Pour tenter un renversement de tendance, en plus de baisser les impôts, de relancer la consommation et d'alléger la bureaucratie, il faut, surtout dans l'artisanat, revaloriser le travail manuel car depuis 40 ans on assiste à une terrifiante dévalorisation culturelle . . Grâce aux réformes scolaires qui ont eu lieu ces dernières années, des mesures importantes ont été prises, mais cela ne suffit pas. Il faut faire une vraie révolution pour redonner une dignité, une valeur sociale et une juste reconnaissance économique à tous ces métiers où savoir le faire de ses propres mains constitue une vertu supplémentaire que nous, coupables, risquons de perdre. Comme nous l'avons dit, la crise est là, elle pique et fait peur, mais, malgré cela, il y a aussi le revers de la médaille. En fait, il existe de nombreux secteurs où les emplois restent à découvert parce que les jeunes ne sont pas disposés à s'engager professionnellement. Les conducteurs de véhicules lourds, affectés aux machines à commande numérique, tourneurs, fraiseurs, peintres et tôliers sont quasiment introuvables. Sans oublier que, net des travailleurs étrangers, dans le secteur de la construction, il est de plus en plus difficile de trouver des propriétaires d'engins de terrassement, des charpentiers, des pardessus, des installateurs et des ferblantiers.

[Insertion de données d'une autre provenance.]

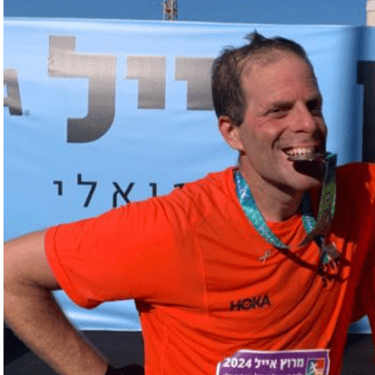 לירון, לקוח ממליץ על הדרכת AI של עידן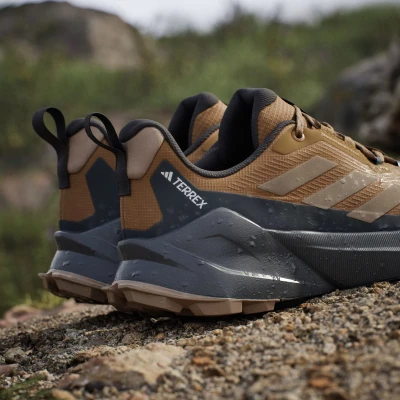 Adidas Terrex Trailmaker 2 GTX M bronze strata/blanch cargo/carbon pánská nízká turistická obuv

Depuis près d'un an, la CGIA demande à la fois au premier ministre Draghi et aux gouverneurs d'ouvrir une table de crise permanente au niveau national et local. En effet, plus que jamais, il faut donner une réponse à un monde, celui de l'autonomie, qui vit une situation particulièrement délicate. Attention, il n'y a pas de mesures miraculeuses. Et il ne faut pas oublier que ces deux dernières années, en plus des rafraîchissements (quoique tout à fait insuffisants), les exécutifs successifs ont, entre autres, institué l'ISCRO, l'allocation universelle pour enfants à charge et le revenu d'urgence pour ceux encore en Entreprise. Autant de mesures importantes, mais pas suffisantes pour faire face aux difficultés engendrées par cette crise pandémique.

Il faut aussi impliquer le Ministère de l'Éducation nationale pour qu'il active dans les meilleurs délais une importante action d'information/formation en direction des lycéens qui les sensibilise sur un point en particulier ; une fois l'école terminée, on peut aussi s'établir comme travailleur indépendant sur le marché du travail. Cette dernière perspective est peu connue des jeunes. Il est également souhaitable, là où ces expériences n'existent pas, d'ouvrir des moments de confrontation entre les partenaires sociaux (organisations patronales et syndicales), les institutions locales (Communes, Provinces, Chambre de Commerce, etc.) et le monde scolaire avec dans le but de rapprocher au maximum la demande de l'offre d'emploi. Un problème, celui de l'inadéquation de l'emploi, qui touche paradoxalement aussi les régions où le chômage des jeunes est très élevé.